Summary
Magnocellular neurones in the supraoptic nucleus of the homozygous Brattleboro rat, which are unable to produce vasopressin, were investigated by immunocytochemistry to identify both the oxytocin cells and the abnormal neurones, which in normal animals would produce vasopressin. The abnormal cell profiles were significantly more rounded than those of the oxytocin cells. Both cell types showed evidence of hyperactivity, but the Golgi apparatus was more extensive in the oxytocin cells, probably as a result of the failure of the abnormal cells to produce vasopressin and its neurophysin and the resultant reduction in hormone packaging. Neurosecretory granules (NSG) 160 nm in diameter were found in the oxytocin perikarya but were absent from the abnormal cell bodies. In addition, a population of small dense granules (SDG) 100 nm in diameter was observed in both types of neurone, in numbers equal to the NSG in oxytocin cells.
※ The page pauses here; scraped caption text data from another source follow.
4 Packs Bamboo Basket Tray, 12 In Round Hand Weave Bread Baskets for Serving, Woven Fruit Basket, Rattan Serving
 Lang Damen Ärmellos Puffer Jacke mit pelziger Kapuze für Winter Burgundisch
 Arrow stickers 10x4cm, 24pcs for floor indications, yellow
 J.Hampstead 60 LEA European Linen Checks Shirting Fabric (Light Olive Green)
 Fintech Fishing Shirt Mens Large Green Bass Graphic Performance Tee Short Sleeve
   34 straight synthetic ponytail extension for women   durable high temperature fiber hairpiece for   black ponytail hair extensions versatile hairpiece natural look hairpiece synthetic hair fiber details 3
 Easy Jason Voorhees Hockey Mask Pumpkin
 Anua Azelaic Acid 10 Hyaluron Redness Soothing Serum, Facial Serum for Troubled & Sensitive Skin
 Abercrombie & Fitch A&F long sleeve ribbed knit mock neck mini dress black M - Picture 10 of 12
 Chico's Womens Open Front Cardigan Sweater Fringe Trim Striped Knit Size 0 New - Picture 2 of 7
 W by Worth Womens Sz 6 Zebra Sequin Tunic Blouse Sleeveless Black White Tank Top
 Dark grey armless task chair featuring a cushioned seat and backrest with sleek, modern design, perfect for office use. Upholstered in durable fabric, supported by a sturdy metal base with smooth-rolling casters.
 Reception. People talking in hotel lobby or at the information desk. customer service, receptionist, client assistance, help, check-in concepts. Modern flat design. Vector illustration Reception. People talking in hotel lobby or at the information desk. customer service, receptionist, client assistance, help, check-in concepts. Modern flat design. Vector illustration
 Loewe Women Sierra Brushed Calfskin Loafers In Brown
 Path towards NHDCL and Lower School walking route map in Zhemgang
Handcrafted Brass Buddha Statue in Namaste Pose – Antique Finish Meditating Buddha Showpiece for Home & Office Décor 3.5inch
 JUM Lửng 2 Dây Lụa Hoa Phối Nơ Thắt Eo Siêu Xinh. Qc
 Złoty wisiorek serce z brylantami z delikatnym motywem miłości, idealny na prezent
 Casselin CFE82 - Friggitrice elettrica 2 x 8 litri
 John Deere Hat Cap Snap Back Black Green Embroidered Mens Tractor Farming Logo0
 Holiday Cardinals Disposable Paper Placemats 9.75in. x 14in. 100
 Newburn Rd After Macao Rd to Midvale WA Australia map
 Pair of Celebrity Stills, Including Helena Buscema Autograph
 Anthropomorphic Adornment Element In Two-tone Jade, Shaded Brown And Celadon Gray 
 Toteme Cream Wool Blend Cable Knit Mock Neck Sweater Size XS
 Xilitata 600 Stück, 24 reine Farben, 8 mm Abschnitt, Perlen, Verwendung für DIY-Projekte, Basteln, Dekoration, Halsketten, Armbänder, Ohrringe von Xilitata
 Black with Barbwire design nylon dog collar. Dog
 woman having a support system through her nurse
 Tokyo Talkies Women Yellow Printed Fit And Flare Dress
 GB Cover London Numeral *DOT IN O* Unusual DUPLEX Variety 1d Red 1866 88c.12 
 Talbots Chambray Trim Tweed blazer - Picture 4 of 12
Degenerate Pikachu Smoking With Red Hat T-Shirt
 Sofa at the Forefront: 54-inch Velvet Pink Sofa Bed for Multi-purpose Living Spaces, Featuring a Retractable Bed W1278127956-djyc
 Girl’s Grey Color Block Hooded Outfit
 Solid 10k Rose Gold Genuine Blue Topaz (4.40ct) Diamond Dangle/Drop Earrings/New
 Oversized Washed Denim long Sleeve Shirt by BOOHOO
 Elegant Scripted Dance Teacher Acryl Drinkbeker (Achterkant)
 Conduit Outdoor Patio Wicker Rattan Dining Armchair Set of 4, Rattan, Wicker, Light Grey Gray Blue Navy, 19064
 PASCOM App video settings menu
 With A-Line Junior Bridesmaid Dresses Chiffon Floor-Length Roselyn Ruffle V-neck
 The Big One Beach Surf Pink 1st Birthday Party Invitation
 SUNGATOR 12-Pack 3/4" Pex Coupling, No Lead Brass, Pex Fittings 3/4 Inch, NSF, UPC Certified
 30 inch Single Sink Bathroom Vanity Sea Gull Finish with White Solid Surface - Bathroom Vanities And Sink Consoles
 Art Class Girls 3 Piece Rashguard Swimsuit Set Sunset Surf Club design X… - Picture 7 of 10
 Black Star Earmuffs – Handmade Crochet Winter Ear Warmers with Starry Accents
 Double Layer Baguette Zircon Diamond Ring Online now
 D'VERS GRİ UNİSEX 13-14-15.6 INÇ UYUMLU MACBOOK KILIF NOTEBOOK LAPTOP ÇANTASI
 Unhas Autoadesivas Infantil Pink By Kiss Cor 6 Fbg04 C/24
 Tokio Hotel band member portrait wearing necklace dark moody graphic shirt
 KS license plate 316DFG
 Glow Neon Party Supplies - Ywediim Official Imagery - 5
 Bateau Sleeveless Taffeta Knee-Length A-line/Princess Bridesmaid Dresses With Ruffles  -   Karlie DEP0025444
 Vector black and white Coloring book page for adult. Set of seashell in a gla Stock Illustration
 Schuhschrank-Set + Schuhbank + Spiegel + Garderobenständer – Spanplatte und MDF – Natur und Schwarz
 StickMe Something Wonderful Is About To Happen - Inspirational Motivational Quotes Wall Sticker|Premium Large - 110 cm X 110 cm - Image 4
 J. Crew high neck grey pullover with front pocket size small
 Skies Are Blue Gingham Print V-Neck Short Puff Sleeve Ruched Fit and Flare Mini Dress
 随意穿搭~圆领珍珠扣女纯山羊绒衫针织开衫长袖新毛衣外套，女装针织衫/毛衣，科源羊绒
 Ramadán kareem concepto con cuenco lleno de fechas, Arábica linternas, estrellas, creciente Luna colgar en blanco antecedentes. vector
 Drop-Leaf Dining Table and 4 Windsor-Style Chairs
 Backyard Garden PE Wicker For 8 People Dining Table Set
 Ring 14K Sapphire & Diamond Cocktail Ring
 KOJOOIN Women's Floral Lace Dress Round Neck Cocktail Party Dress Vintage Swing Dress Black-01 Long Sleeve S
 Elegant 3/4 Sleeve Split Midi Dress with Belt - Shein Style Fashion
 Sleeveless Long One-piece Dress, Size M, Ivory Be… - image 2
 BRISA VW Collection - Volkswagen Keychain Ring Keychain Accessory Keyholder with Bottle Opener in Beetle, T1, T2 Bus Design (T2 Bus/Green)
Injection of a low, non-lethal dose of the axonal transport inhibitor colchicine resulted in a rapid and equal accumulation of both NSG and SDG in oxytocin perikarya and of SDG in the abnormal perikarya after one day. The effects of colchicine were reversed 2–3 days after administration. The SDG, which may contain a co-transmitter or co-hormone substance, are thus produced at a similar rate to NSG, and appear to be transported from the perikarya for subsequent release at the nerve endings.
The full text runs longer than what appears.